Description of the task:
When you copy the entries, keep every word exactly as it is and drop the images.

Short text fragments from websites
####################
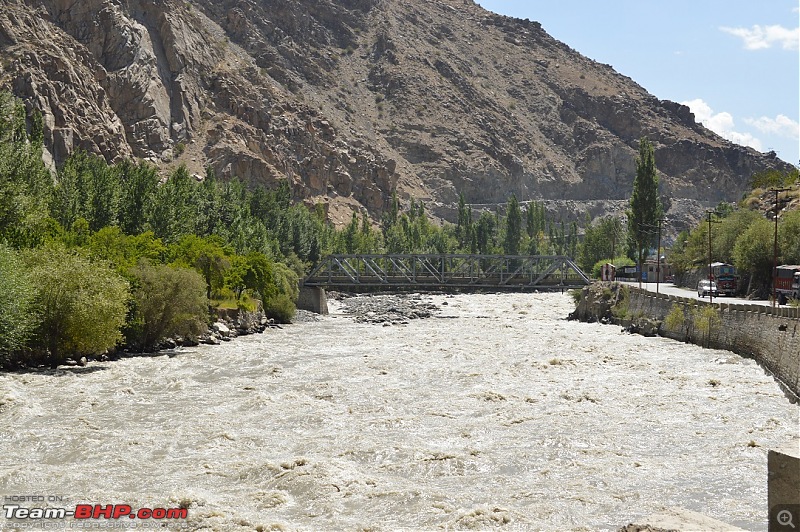 Pune to Pune via Ladakh - The White Beast conquers everything in between-dsc_1119.jpg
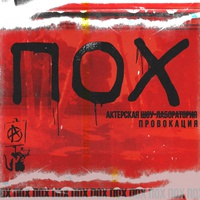 ПОХ. Молчание о важном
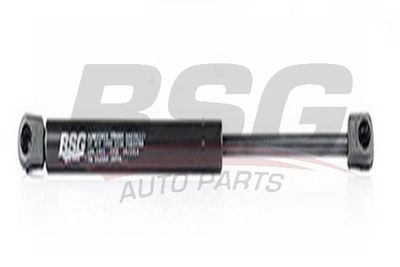 Амортизатор багажника BSG BSG90980030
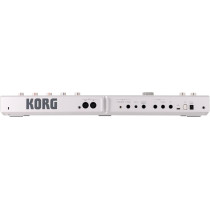 Korg - MICROKORG, Analog Modeling Synthesizer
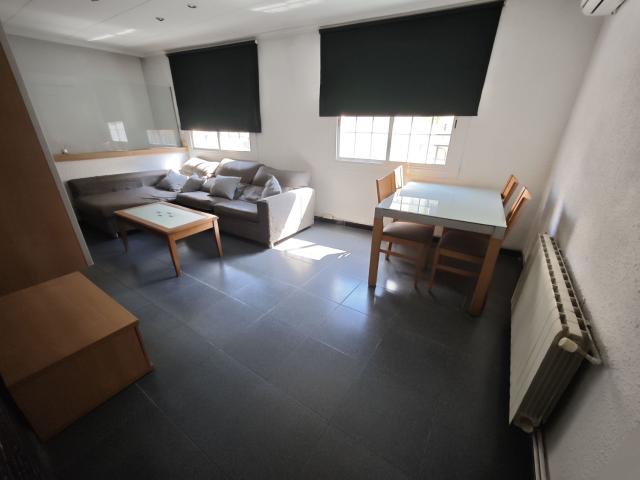 Piso Venta Barcelona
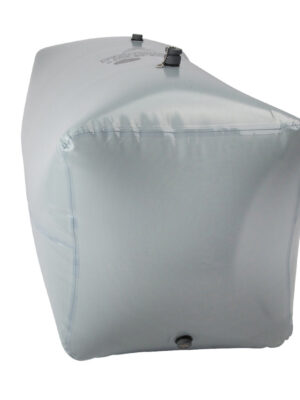 ballast-jumbo-surf3__98228.1658390739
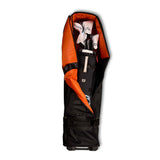 OGIO RENEGADE TRAVEL COVER (Black)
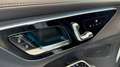 Mercedes-Benz GLC 220 GLC 220d AMG Line 4Matic Weiß - thumbnail 20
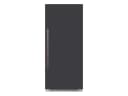 36" Built-in Refrigerator Column view 1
####################
Result for this task:
 Pune to Pune via Ladakh - The White Beast conquers everything in between-dsc_1119.jpg
 ПОХ. Молчание о важном
 Амортизатор багажника BSG BSG90980030
 Korg - MICROKORG, Analog Modeling Synthesizer
 Piso Venta Barcelona
 ballast-jumbo-surf3__98228.1658390739
 OGIO RENEGADE TRAVEL COVER (Black)
 Mercedes-Benz GLC 220 GLC 220d AMG Line 4Matic Weiß - thumbnail 20
 36" Built-in Refrigerator Column view 1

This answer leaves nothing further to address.